-------- Records --------
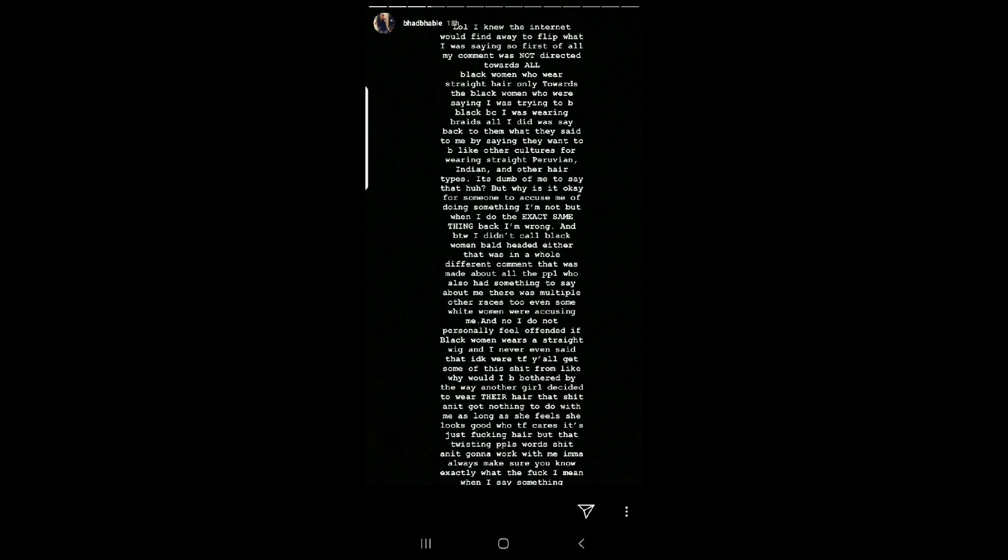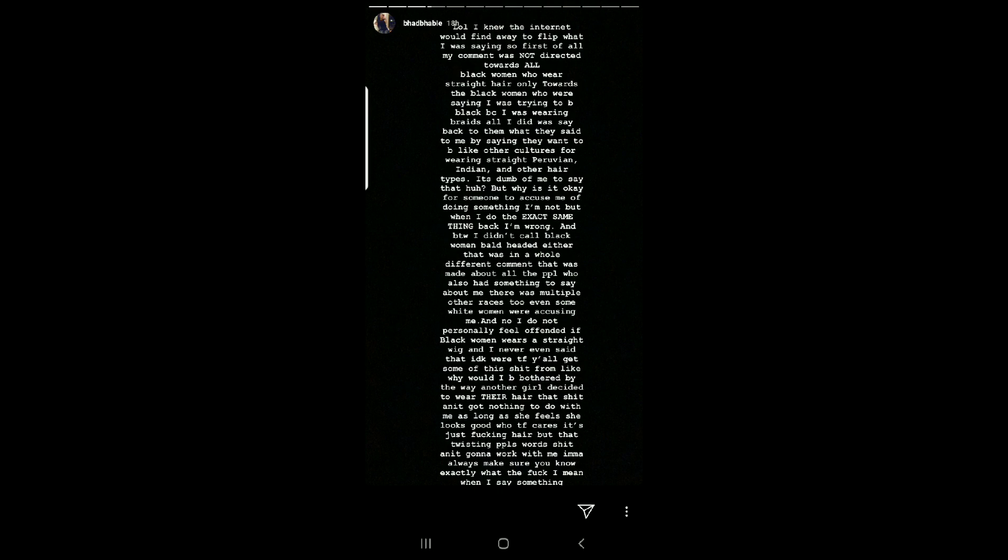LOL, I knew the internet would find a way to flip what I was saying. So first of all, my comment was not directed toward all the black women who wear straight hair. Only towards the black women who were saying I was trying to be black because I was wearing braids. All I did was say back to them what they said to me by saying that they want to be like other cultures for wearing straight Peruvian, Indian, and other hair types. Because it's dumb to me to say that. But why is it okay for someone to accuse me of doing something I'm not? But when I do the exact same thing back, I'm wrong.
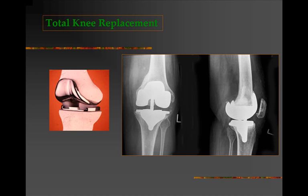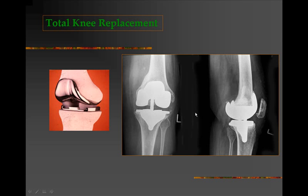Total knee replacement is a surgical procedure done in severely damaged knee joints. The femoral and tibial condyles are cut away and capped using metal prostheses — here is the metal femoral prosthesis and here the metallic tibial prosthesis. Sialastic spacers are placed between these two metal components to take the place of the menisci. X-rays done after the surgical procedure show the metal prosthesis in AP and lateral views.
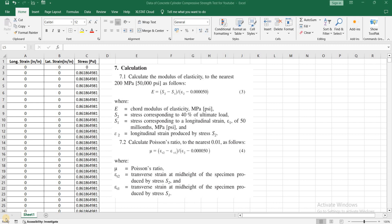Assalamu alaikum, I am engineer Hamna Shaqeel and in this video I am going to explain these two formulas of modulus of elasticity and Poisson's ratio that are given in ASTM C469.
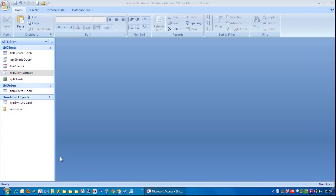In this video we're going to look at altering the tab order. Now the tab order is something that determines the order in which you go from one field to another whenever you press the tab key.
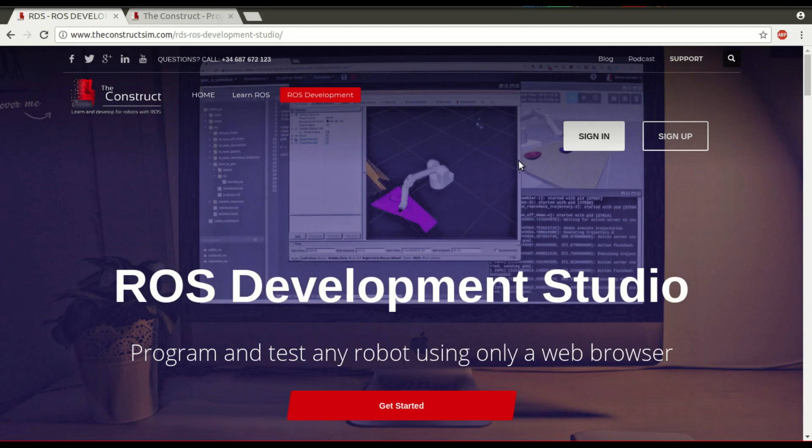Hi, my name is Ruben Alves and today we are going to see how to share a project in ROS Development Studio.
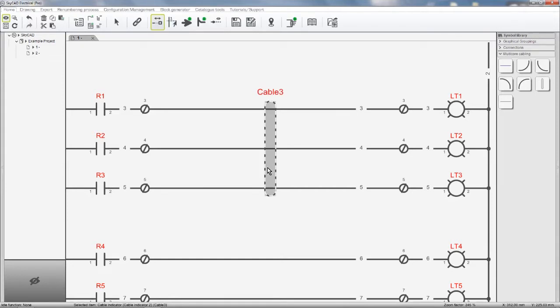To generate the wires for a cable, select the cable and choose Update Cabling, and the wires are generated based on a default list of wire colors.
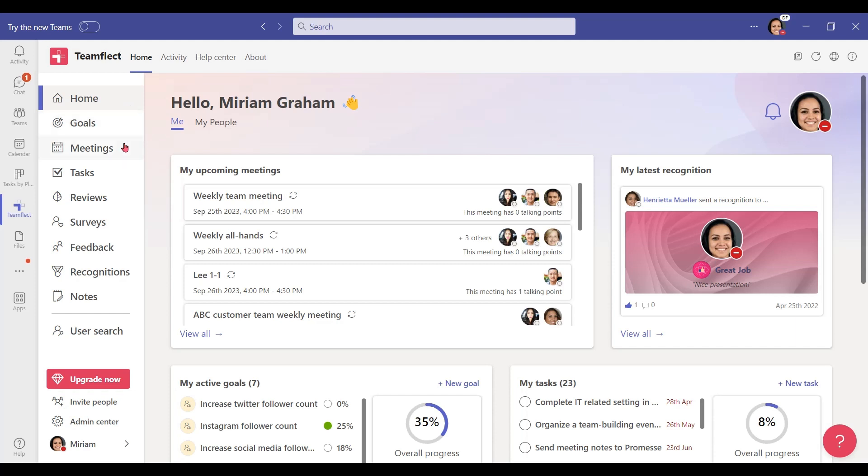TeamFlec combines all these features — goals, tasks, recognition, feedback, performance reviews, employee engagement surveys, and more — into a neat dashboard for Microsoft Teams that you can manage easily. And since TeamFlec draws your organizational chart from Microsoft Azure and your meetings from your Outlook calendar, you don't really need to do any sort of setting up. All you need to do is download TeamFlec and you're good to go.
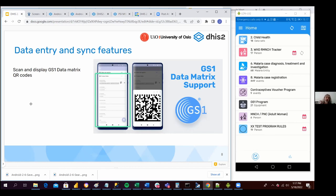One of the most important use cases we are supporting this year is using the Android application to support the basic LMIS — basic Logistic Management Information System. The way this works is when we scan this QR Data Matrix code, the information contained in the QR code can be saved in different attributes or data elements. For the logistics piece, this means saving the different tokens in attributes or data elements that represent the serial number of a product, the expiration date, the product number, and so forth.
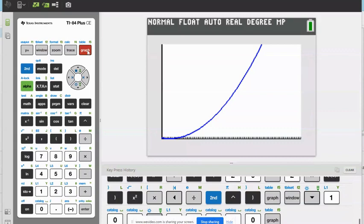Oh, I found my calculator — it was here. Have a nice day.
--------
-------- Records --------
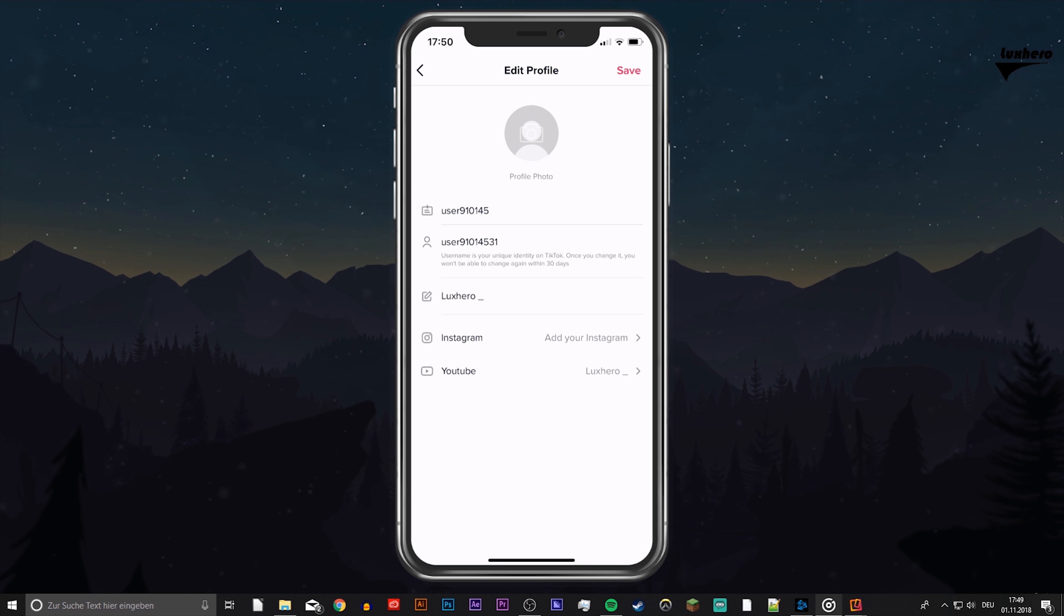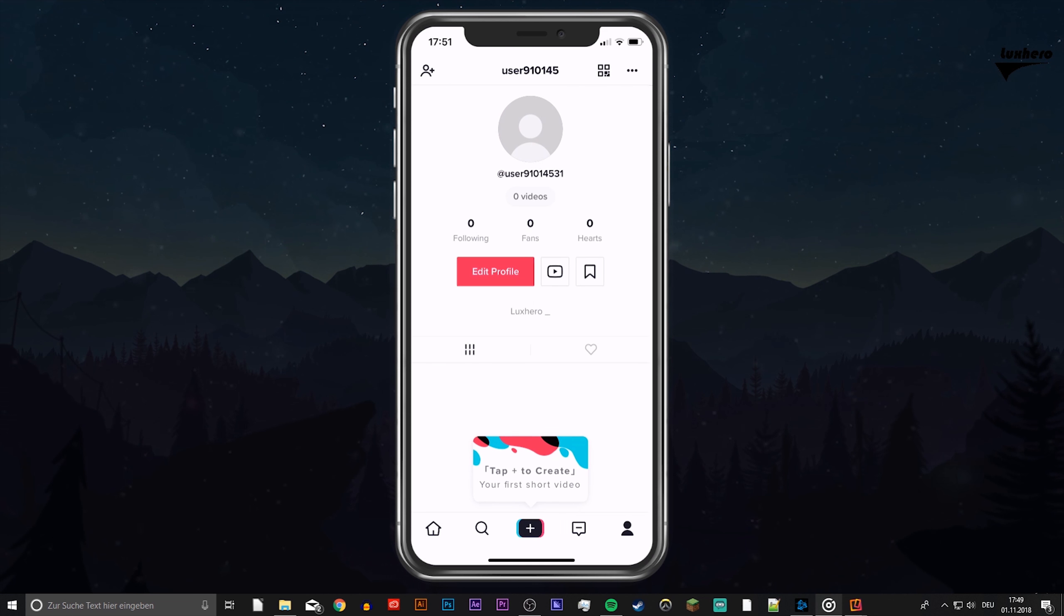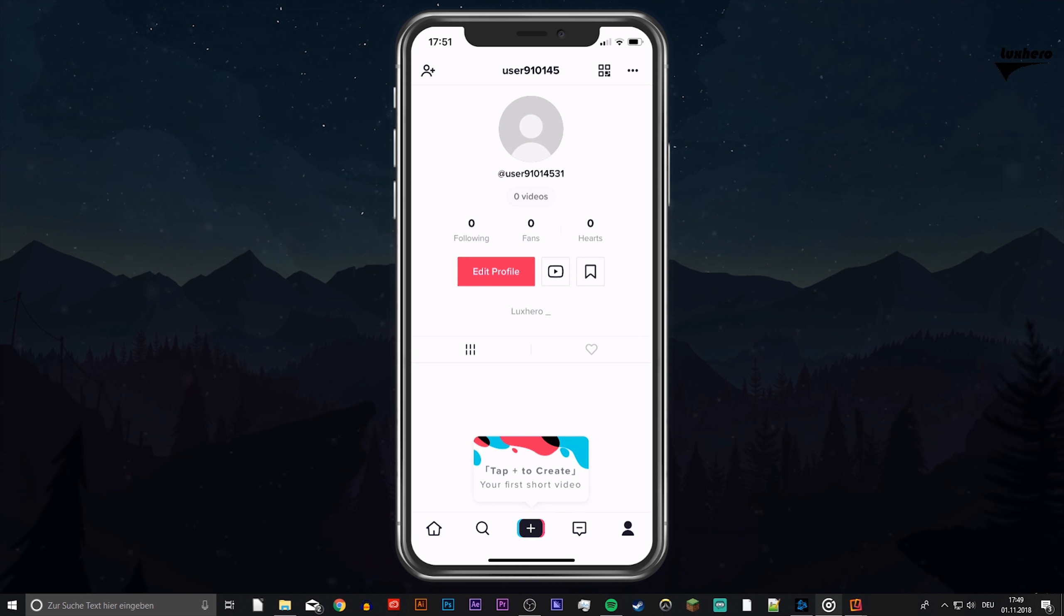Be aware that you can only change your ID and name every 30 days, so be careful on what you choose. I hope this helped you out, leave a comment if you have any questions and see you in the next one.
--------
Work item
Only one part of the material above is wanted: the lines from the one with "Assalamu alaikum, I" up to and including the one with "TeamFlec combines all". Please copy them exactly, pictures left out.

Result of the task
Assalamu alaikum, I am engineer Hamna Shaqeel and in this video I am going to explain these two formulas of modulus of elasticity and Poisson's ratio that are given in ASTM C469.
In this video we're going to look at altering the tab order. Now the tab order is something that determines the order in which you go from one field to another whenever you press the tab key.
Hi, my name is Ruben Alves and today we are going to see how to share a project in ROS Development Studio.
To generate the wires for a cable, select the cable and choose Update Cabling, and the wires are generated based on a default list of wire colors.
TeamFlec combines all these features — goals, tasks, recognition, feedback, performance reviews, employee engagement surveys, and more — into a neat dashboard for Microsoft Teams that you can manage easily. And since TeamFlec draws your organizational chart from Microsoft Azure and your meetings from your Outlook calendar, you don't really need to do any sort of setting up. All you need to do is download TeamFlec and you're good to go.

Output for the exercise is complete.